Ama yetmez. Türkiye solu, bu yeni dönemde Kemalist kitlelerin faşist harekete eklemlenmesine, Kürt düşmanı bir pozisyon almasına karşı da siyaset sahnesine ağırlık koymak, Kemalistlerin yüzünü sola döndürmek zorundadır, yeni bir cumhuriyetin kuruluşu açısından bu da bir zorunluluk olarak belirmektedir.
O halde bize lazım olan temeline emeğin yerleştirildiği yeni bir yurttaşlık projesidir. Etnik kökenleri aşan ve Türkiye halklarını emekçi üst kimliğinde birleştiren, hak temelli olan ve eşitlikle özgürlüğü aynı anda tesis etmeyi amaçlayan yeni bir yurttaşlık projesi, yeni bir cumhuriyet inşasının zeminini oluşturacaktır ve barış ancak o şekilde mümkün hale gelecektir.
Siz bakmayın Taraf, Zaman, Yeni Şafak yazarlarının, “barışın hüküm sürdüğü, zengin, müreffeh ve güçlü bir Türkiye kuruluyor” minvalindeki yazılarına. Pax Americana’nın gerçek bir barış olmadığını yalnızca bu topraklardaki değil, dünyanın dört bir yanında yaşayan herkes çok iyi bilir. Çünkü gerçek bir barış, ancak emekçiler tarafından tesis edilebilir.

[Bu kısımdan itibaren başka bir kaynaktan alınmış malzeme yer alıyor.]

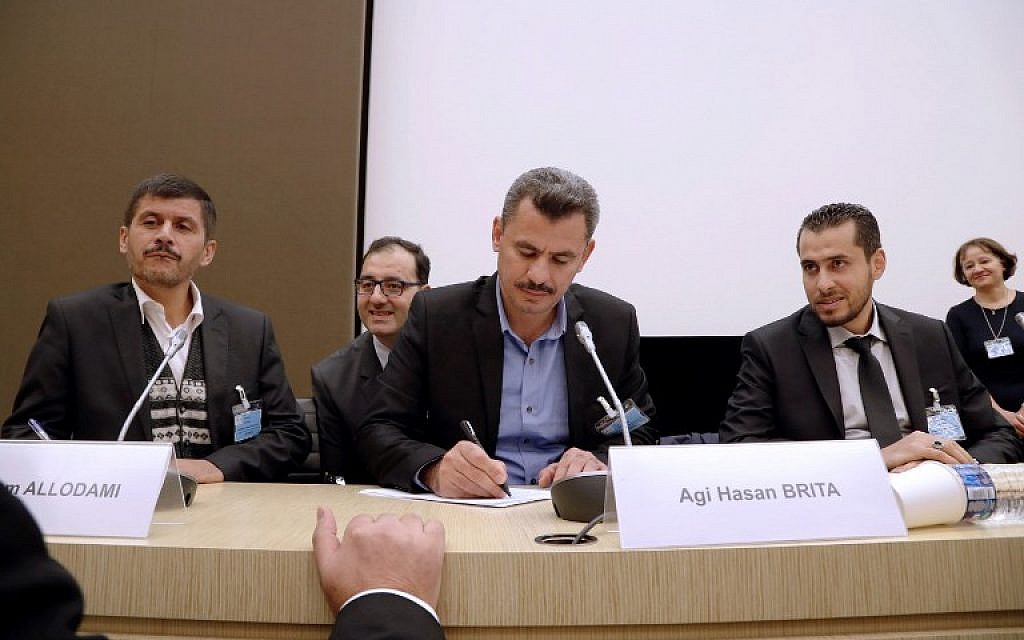 Hagi Hasan Brita, president of the civil committee of Aleppo (C), Abdulrahman Almawwas (R), vice-president of the Syrian White Helmets, and Tammam Allodami, a member of the White Helmets, take part in a meeting at the National Assembly in Paris on October 18, 2016. (AFP PHOTO/FRANCOIS GUILLOT)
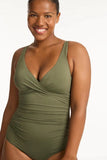 Plus Sized Woman wearing a green swimsuit on a white background Detailed close-up macro view of the premium recycled eco fabric texture and cross-front stitching on the Khaki Sea Level swimsuit.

Düz ovada siyaset dönemi, kimsenin kuşkusu olmasın, doğru bir stratejiyle birlikte, solun ve emeğin önünü açacak, onu yeniden Türkiye siyasetinin bir öznesi haline getirecek potansiyeli bağrında taşımaktadır, yeter ki süreç doğru okunabilsin, yeter ki doğru müdahaleler yapılabilsin.